Provide a tibble-friendly framework to visualize a correlation
matrix. Wrapper around the R base function
corrplot(). Compared to
corrplot(), it can handle directly the output of the
functions cor_mat() (in rstatix), rcorr() (in Hmisc),
correlate() (in corrr) and cor() (in stats).

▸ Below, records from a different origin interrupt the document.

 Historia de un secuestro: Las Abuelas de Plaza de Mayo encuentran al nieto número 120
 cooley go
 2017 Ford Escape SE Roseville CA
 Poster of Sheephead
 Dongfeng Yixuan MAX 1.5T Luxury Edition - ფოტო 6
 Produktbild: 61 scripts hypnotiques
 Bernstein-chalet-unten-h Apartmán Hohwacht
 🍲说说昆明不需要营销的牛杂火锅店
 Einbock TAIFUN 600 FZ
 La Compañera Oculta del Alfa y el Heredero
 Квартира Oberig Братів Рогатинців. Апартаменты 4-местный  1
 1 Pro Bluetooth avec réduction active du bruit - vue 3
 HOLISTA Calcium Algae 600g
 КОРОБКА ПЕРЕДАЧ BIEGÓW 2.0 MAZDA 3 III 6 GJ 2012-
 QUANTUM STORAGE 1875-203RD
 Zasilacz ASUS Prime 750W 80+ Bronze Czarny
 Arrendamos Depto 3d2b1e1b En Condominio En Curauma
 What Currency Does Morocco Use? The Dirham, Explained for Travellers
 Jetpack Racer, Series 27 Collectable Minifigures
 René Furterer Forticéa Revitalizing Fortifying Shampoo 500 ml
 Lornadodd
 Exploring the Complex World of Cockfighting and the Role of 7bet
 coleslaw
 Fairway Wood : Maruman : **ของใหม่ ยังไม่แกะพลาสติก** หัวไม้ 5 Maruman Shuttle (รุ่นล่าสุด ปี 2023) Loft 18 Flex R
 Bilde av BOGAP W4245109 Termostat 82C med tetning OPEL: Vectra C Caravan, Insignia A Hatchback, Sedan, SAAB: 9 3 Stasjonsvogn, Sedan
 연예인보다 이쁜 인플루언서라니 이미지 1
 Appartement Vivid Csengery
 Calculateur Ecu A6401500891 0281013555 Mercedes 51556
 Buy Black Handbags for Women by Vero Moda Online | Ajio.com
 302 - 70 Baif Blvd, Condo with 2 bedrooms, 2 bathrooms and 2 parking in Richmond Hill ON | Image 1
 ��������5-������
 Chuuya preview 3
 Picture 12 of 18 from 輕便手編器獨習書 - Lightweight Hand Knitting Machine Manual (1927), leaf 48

The p-values contained in the outputs of the functions
cor_mat() and rcorr() are automatically detected and
used in the visualization.
Arguments
- cor.mat
the correlation matrix to visualize
- method
Character, the visualization method of correlation matrix to be used. Currently, it supports seven methods, named
'circle'(default),'square','ellipse','number','pie','shade'and'color'. See examples for details.The areas of circles or squares show the absolute value of corresponding correlation coefficients. Method
'pie'and'shade'came from Michael Friendly's job (with some adjustment about the shade added on), and'ellipse'came from D.J. Murdoch and E.D. Chow's job, see in section References.- type
Character,
'full'(default),'upper'or'lower', display full matrix, lower triangular or upper triangular matrix.- palette
character vector containing the color palette.
- p.mat
matrix of p-value corresponding to the correlation matrix.
- significant.level
significant level, if the p-value is bigger than
significant.level, then the corresponding correlation coefficient is regarded as insignificant.- insignificant
character, specialized insignificant correlation coefficients, "cross" (default), "blank". If "blank", wipe away the corresponding glyphs; if "cross", add crosses (X) on corresponding glyphs.
- label
logical value. If TRUE, shows the correlation coefficient labels.
- font.label
a list with one or more of the following elements: size (e.g., 1), color (e.g., "black") and style (e.g., "bold"). Used to customize the correlation coefficient labels. For example
font.label = list(size = 1, color = "black", style = "bold").- ...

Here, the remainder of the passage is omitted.